What is the Lysine cartel?

Lysine, a $600 million-a-year industry, is an amino acid that farmers use as a feed additive to ensure the proper growth of swine and poultry. The primary U.S. producer of lysine is Archer Daniels Midland (ADM), but several other large European and Japanese firms are also in this market. For a time in the first half of the 1990s, the world’s major lysine producers met together in hotel conference rooms and decided exactly how much each firm would sell and what it would charge. The U.S. Federal Bureau of Investigation (FBI), however, had learned of the cartel and placed wire taps on a number of their phone calls and meetings.

From FBI surveillance tapes, following is a comment that Terry Wilson, president of the corn processing division at ADM, made to the other lysine producers at a 1994 meeting in Mona, Hawaii:

I wanna go back and I wanna say something very simple. If we’re going to trust each other, okay, and if I’m assured that I’m gonna get 67,000 tons by the year’s end, we’re gonna sell it at the prices we agreed to . . . The only thing we need to talk about there because we are gonna get manipulated by these [expletive] buyers—they can be smarter than us if we let them be smarter. . . . They [the customers] are not your friend. They are not my friend. And we gotta have ‘em, but they are not my friends. You are my friend. I wanna be closer to you than I am to any customer. Cause you can make us ... money. ... And all I wanna tell you again is let’s—let’s put the prices on the board. Let’s all agree that’s what we’re gonna do and then walk out of here and do it.

The price of lysine doubled while the cartel was in effect. Confronted by the FBI tapes, Archer Daniels Midland pled guilty in 1996 and paid a fine of $100 million.
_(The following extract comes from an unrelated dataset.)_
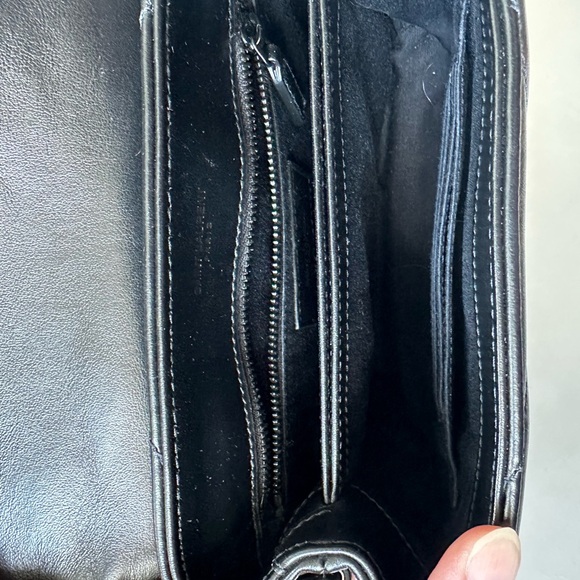 YSL LOULOU TOY - Picture 4 of 11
A number of top executives, both at ADM and other firms, later paid fines of up to $350,000 and were sentenced to 24–30 months in prison.
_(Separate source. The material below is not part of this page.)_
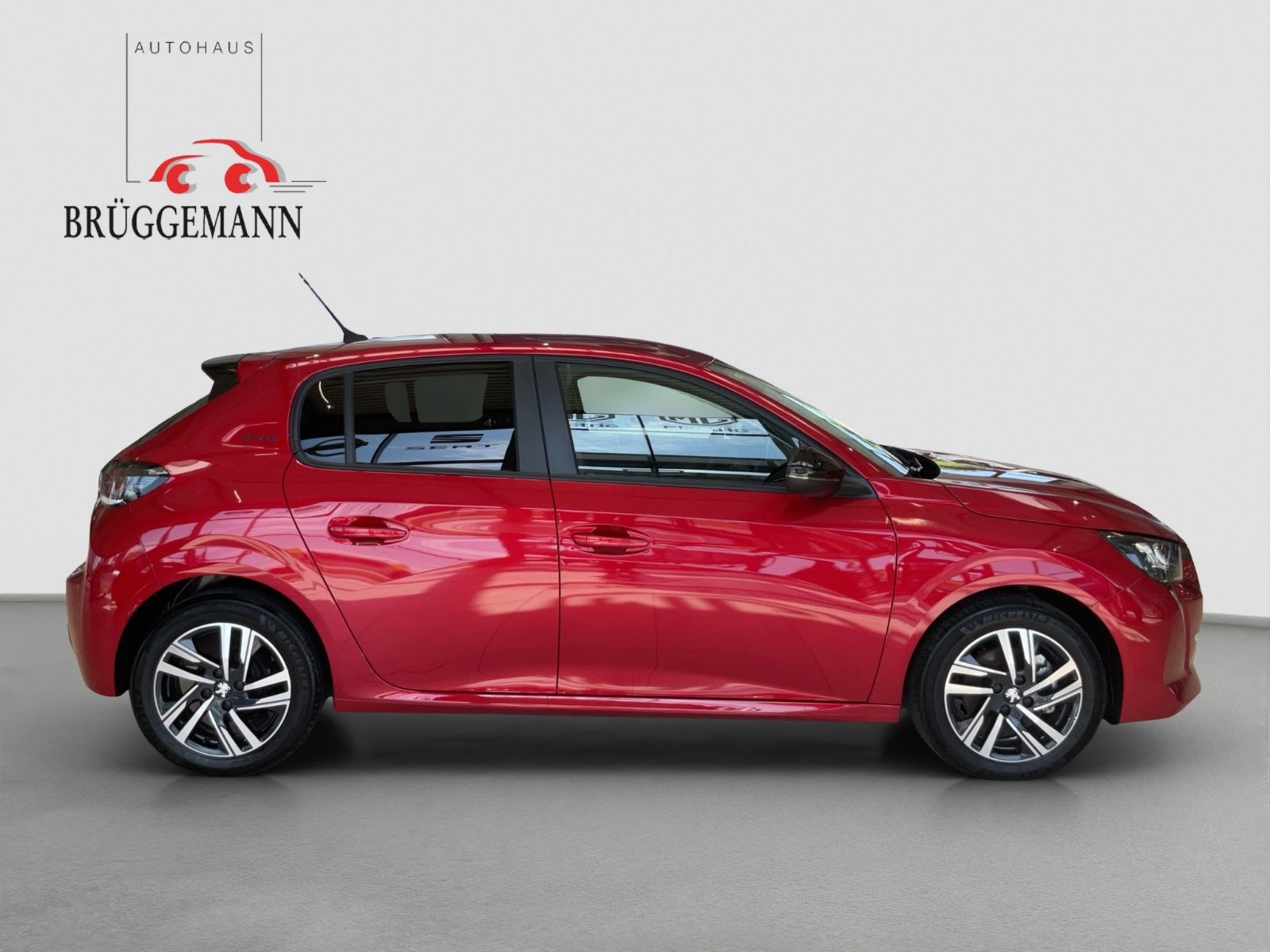 Fahrzeugabbildung Peugeot 208 1.2 PureTech Style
In another one of the FBI recordings, the president of Archer Daniels Midland told an executive from another competing firm that ADM had a slogan that, in his words, had “penetrated the whole company.” The company president stated the slogan this way: “Our competitors are our friends. Our customers are the enemy.” That slogan could stand as the motto of cartels everywhere.

How to Enforce Cooperation

How can parties who find themselves in a prisoner’s dilemma situation avoid the undesired outcome and cooperate with each other? The way out of a prisoner’s dilemma is to find a way to penalize those who do not cooperate.

Perhaps the easiest approach for colluding oligopolists, as you might imagine, would be to sign a contract with each other that they will hold output low and keep prices high. If a group of U.S. companies signed such a contract, however, it would be illegal. Certain international organizations, like the nations that are members of the Organization of Petroleum Exporting Countries (OPEC) , have signed international agreements to act like a monopoly, hold down output, and keep prices high so that all of the countries can make high profits from oil exports. Such agreements, however, because they fall in a gray area of international law, are not legally enforceable. If Nigeria, for example, decides to start cutting prices and selling more oil, Saudi Arabia cannot sue Nigeria in court and force it to stop.

Visit the Organization of the Petroleum Exporting Countries website and learn more about its history and how it defines itself.

Because oligopolists cannot sign a legally enforceable contract to act like a monopoly, the firms may instead keep close tabs on what other firms are producing and charging. Alternatively, oligopolists may choose to act in a way that generates pressure on each firm to stick to its agreed quantity of output.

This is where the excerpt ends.